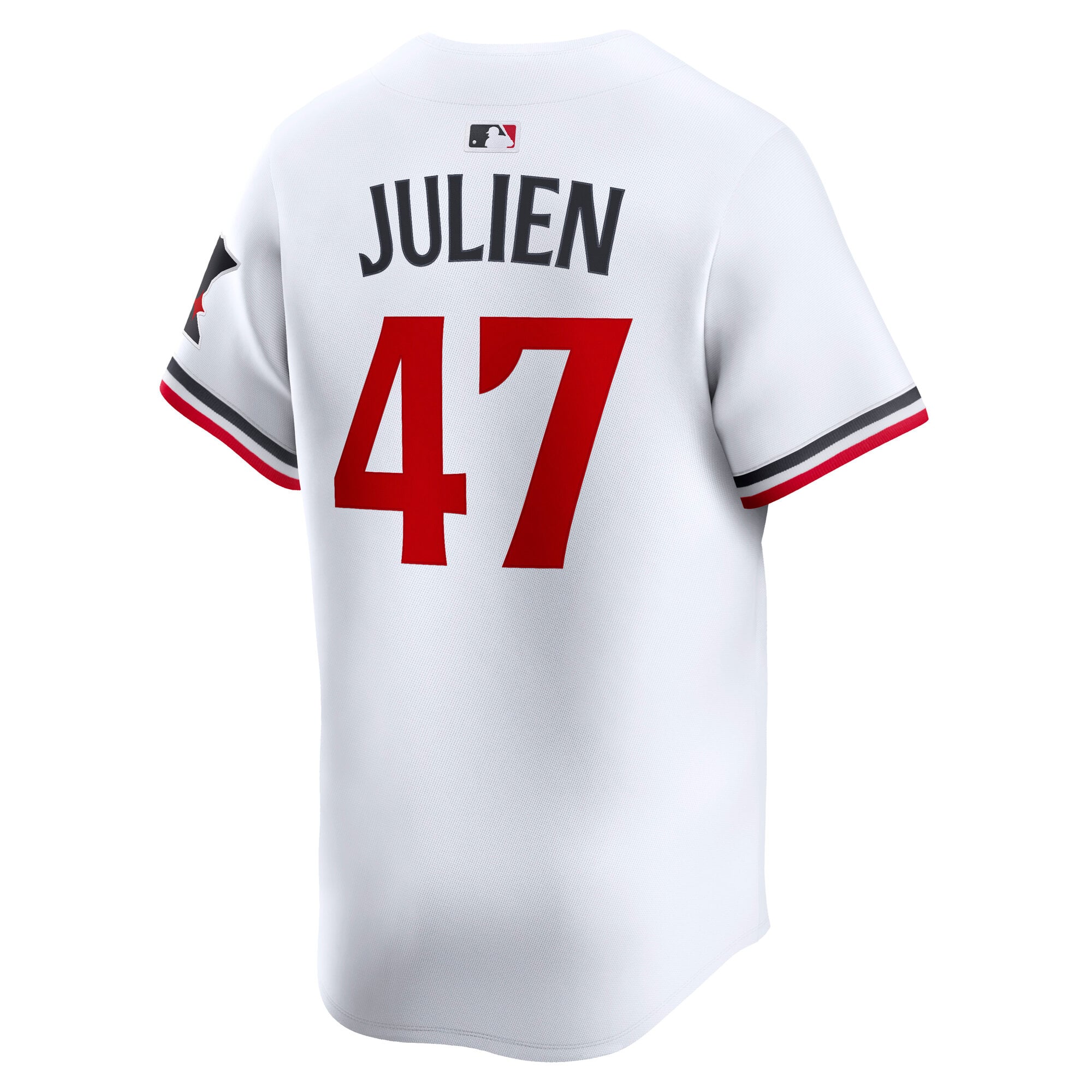 Men's Minnesota Twins Edouard Julien Nike White Home Limited Player Jersey - 4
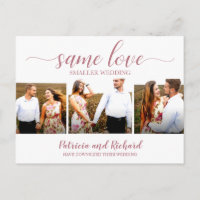 Same Love Downsize Wedding Announcement 3 Photo
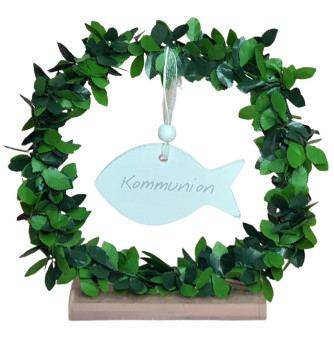 Aufsteller zur Kommunion mit einem Fisch  - 1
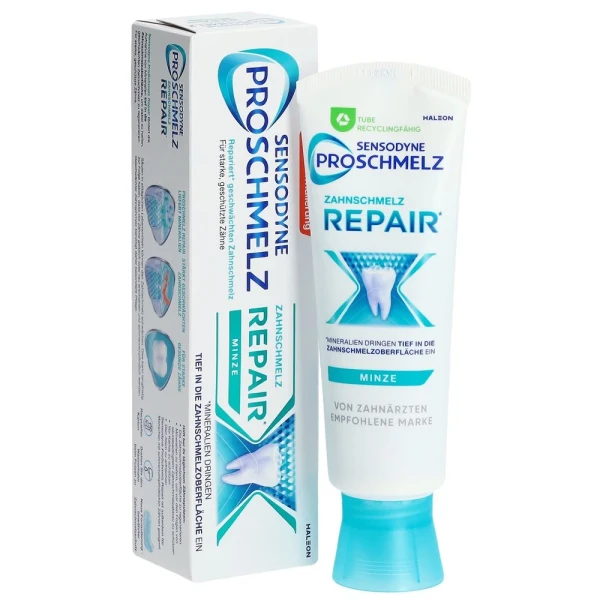 SENSODYNE PROSCHMELZ Zahncreme REPAIR Tb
-=-=-=-=-
• WORK INSTRUCTION
Give back an exact copy of only the lines from the one with "Same Love Downsize" through the final line of the material, both included. Pictures do not belong in it.

• TASK ANSWER
 Same Love Downsize Wedding Announcement 3 Photo
 Aufsteller zur Kommunion mit einem Fisch  - 1
 SENSODYNE PROSCHMELZ Zahncreme REPAIR Tb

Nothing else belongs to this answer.